Since China pegged the yuan against the dollar in 1994, and adopted a gently sliding peg in 2005, the yuan has become progressively undervalued against the dollar.

This is evidenced by the ever-widening gap between the demand for yuan created by foreign purchases of Chinese goods and private foreign investment in China, and the supply of yuan created by Chinese imports and private overseas investments.

Rather than permit the yuan to rise and equilibrate demand and supply, as Western market economies do, the Peoples Bank of China has intervened in currency markets, printing and selling yuan, and buying dollars, euros and other Western currencies. This makes Chinese products artificially inexpensive in the United States and U.S. products artificially expensive in China.
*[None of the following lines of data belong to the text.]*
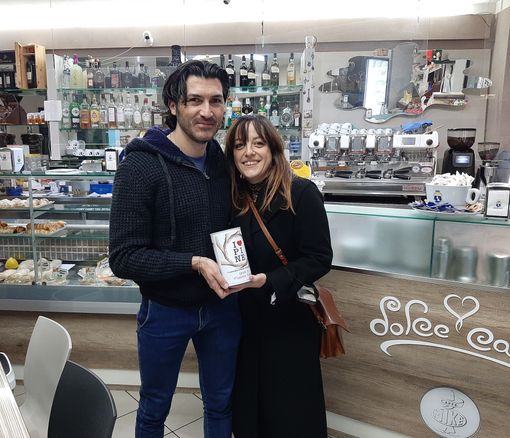 Andrea Camillò e Alice Zuccarello con il salvadanaio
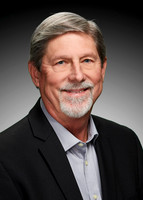 Mark Radcliff 319-5x7 300dpi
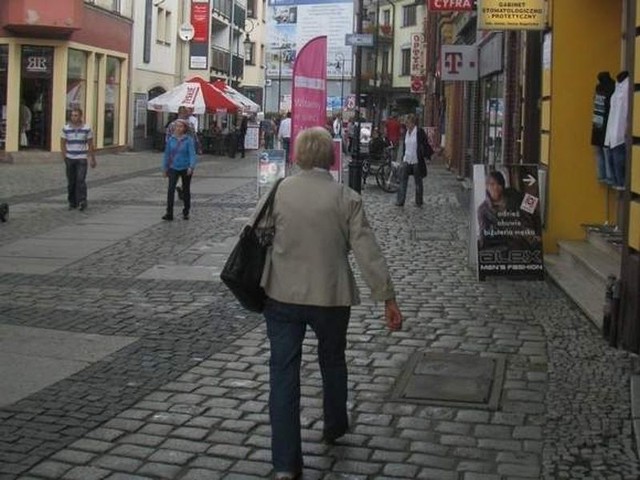 Lębork inwestuje w miejski monitoringJedna z nowych kamer powstała u zbiegu ulic Reja i Staromiejskiej.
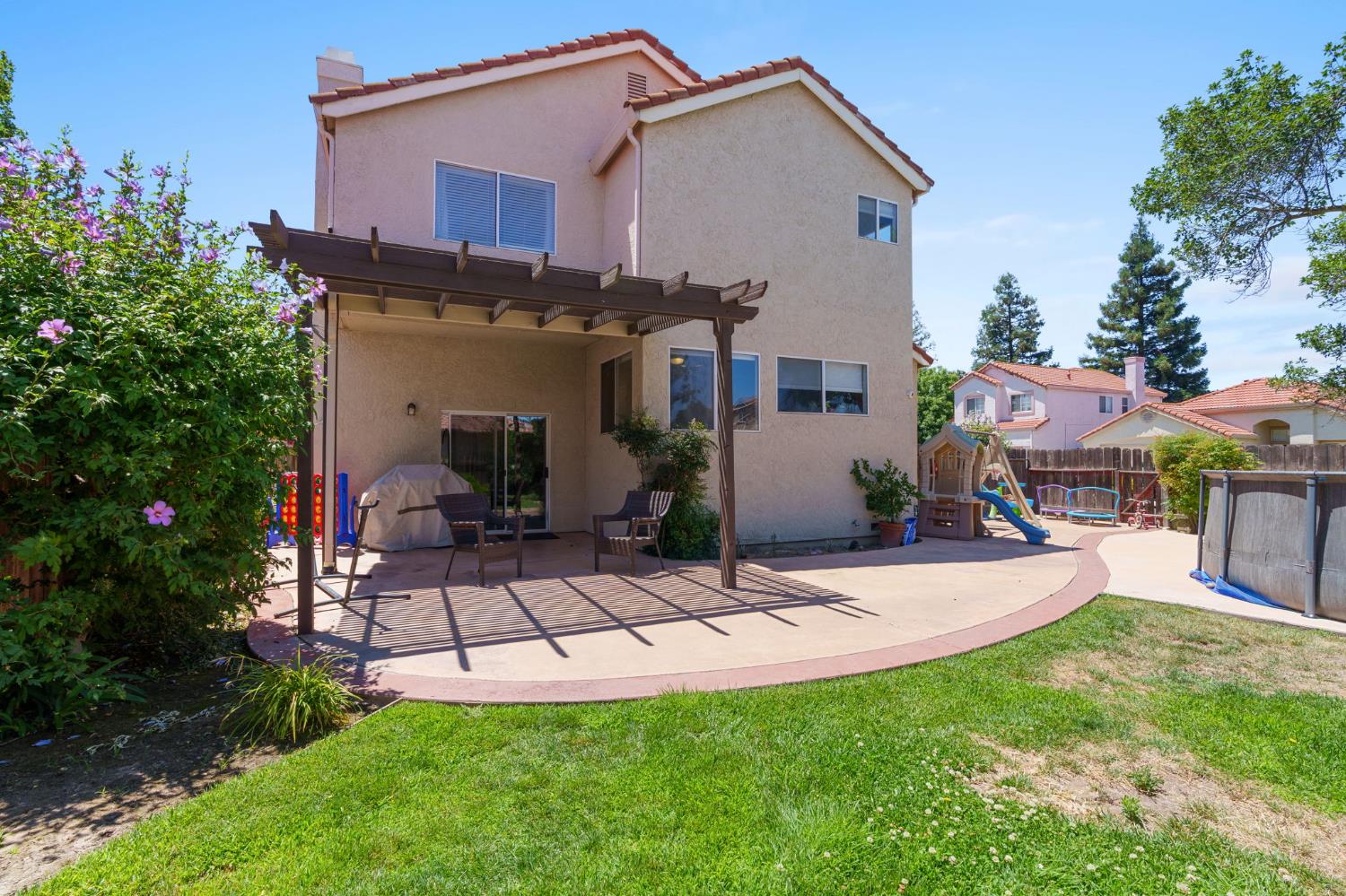 1004 Shasta Ave, Modesto, CA 95358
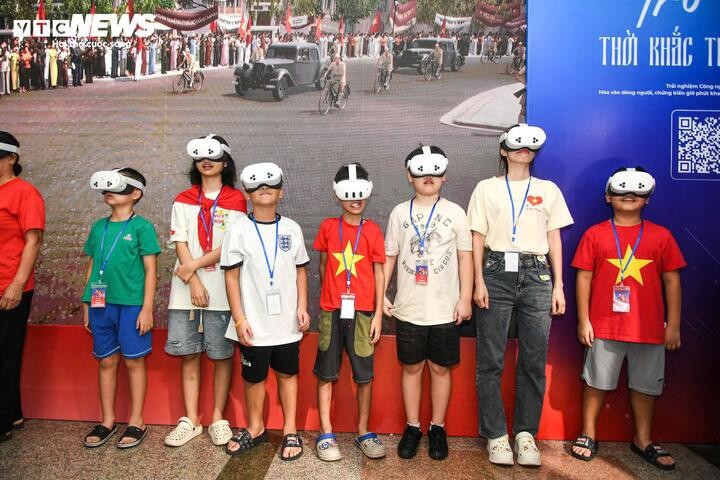 Những vị khách nhí cuối cùng trong ngày trải nghiệm 19/8.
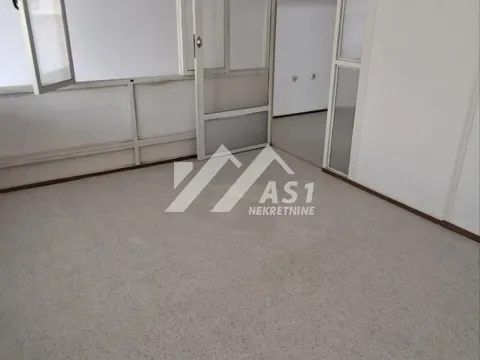 Izdavanje, poslovni prostor, 52m², Grbavica, Novi Sad Sve Podlokacije - image 6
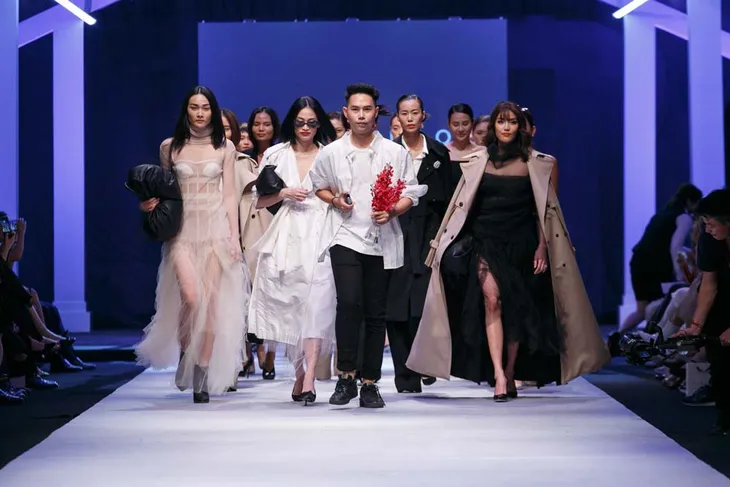 Siêu mẫu Lan Khuê kiêu kỳ trên sàn diễn Tuần lễ thời trang quốc tế Việt Nam Thu - Đông 2018 - Ảnh 30. Siêu mẫu Lan Khuê kiêu kỳ trên sàn diễn Tuần lễ thời trang quốc tế Việt Nam Thu - Đông 2018 - Ảnh 30.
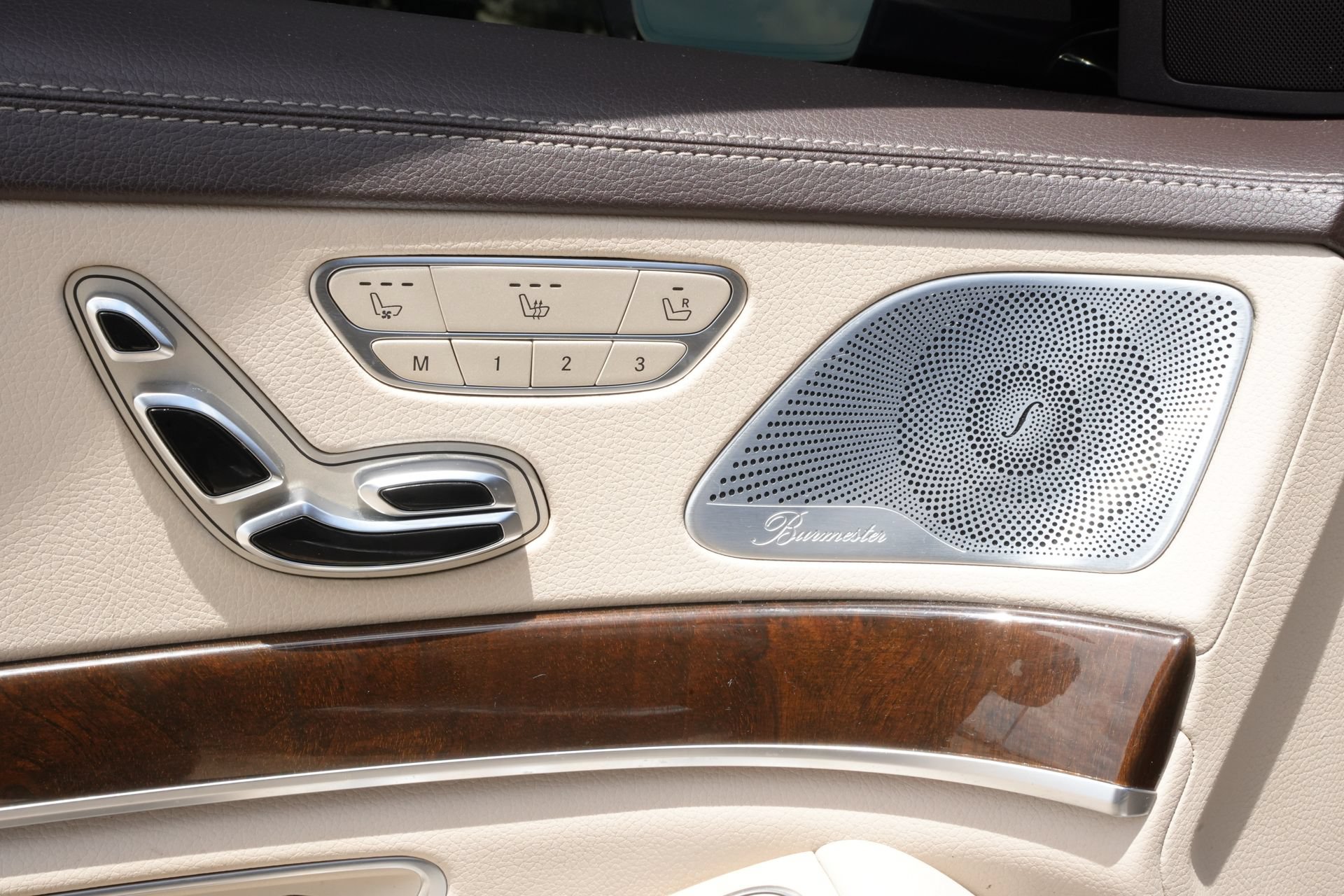 Used 2017 Mercedes-Benz S 550 Sedan image 18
The magnitude of undervaluation of the yuan is revealed by the growing level of Chinese net intervention in currency markets, which was US$47 billion in 2001 or 19 percent of exports, and is on track to be $450 billion or 45 percent of exports in 2007. Although China has permitted the yuan to rise about 5.8 percent in the last year, modernization and rapid productivity growth raise the yuan's intrinsic value at least 7 and 8 percent each year. The yuan is now 40 to 70 percent undervalued against the dollar.

Federal Reserve Chairman Ben Bernanke has correctly concluded that China's yuan policy provides a subsidy on exports. By the scope of intervention, this is a 45 percent subsidy. However, the Bush administration has rebuked any suggested U.S. policy to offset this subsidy as protectionist -- a profoundly different view than the one it has adopted on other forms of industry aid offered by China.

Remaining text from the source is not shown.